TASK GOAL -> Set down each line of the data below exactly as it stands, dropping the pictures.

DATA PROVIDED ->
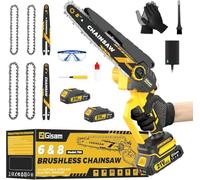 Mini tronçonneuse avec moteur brushless 1000W,8 pouces & 6 pouces tronçonneuse,lubrificateur automatique & tension de chaîne sans outil et 2 * 2000 mAh pour branches d'arbres, coupe de bois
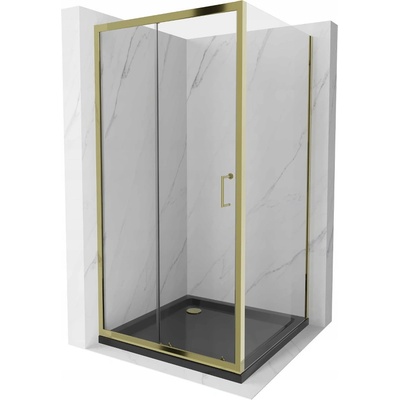 Mexen Apia плъзгаща се душ кабина 100 x 100 см, прозрачна, златна + поддушник Flat, (840-100-100-50-00-4070G)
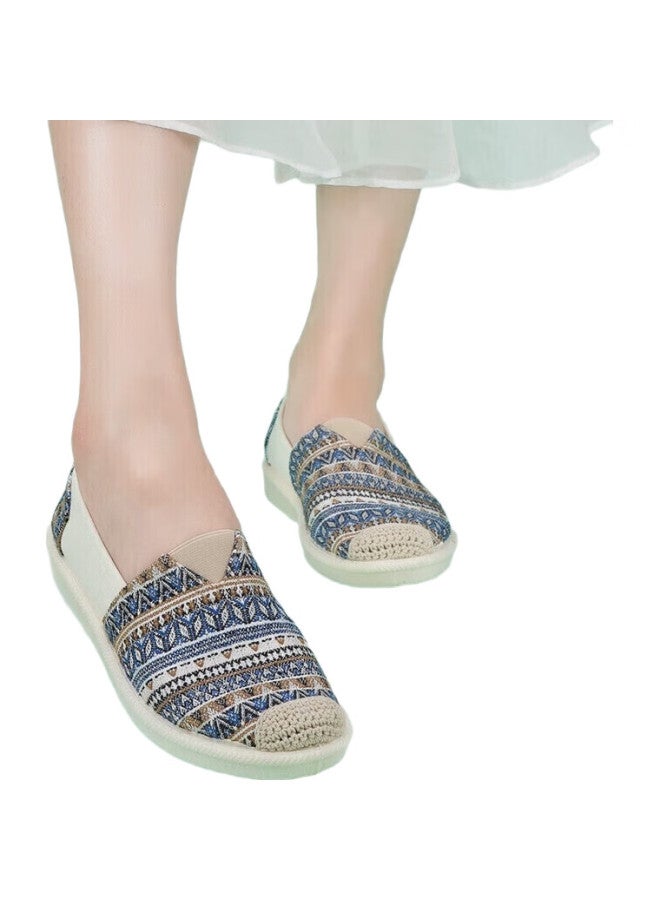 BUSHEYUAN Women'S Shoes, Nurse Work Flats, Ethnic Style Casual Old Beijing Cloth Shoes For Women, 110-7043, Yellow, Size 38 - Image 2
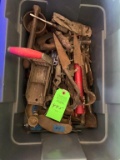 Tote of Vintage Tools & Misc.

ANSWER SPACE ->
 Mini tronçonneuse avec moteur brushless 1000W,8 pouces & 6 pouces tronçonneuse,lubrificateur automatique & tension de chaîne sans outil et 2 * 2000 mAh pour branches d'arbres, coupe de bois
 Mexen Apia плъзгаща се душ кабина 100 x 100 см, прозрачна, златна + поддушник Flat, (840-100-100-50-00-4070G)
 BUSHEYUAN Women'S Shoes, Nurse Work Flats, Ethnic Style Casual Old Beijing Cloth Shoes For Women, 110-7043, Yellow, Size 38 - Image 2
 Tote of Vintage Tools & Misc.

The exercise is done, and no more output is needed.